(Information given begins)

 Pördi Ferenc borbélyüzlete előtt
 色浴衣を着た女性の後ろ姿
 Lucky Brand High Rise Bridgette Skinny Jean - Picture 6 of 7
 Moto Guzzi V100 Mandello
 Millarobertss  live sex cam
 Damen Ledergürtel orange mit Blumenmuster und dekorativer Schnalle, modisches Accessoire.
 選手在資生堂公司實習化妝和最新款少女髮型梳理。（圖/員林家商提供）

(Information given ends)

• _Task prompt_
Exactly reproduce every record.

• _Result below_
 Pördi Ferenc borbélyüzlete előtt
 色浴衣を着た女性の後ろ姿
 Lucky Brand High Rise Bridgette Skinny Jean - Picture 6 of 7
 Moto Guzzi V100 Mandello
 Millarobertss  live sex cam
 Damen Ledergürtel orange mit Blumenmuster und dekorativer Schnalle, modisches Accessoire.
 選手在資生堂公司實習化妝和最新款少女髮型梳理。（圖/員林家商提供）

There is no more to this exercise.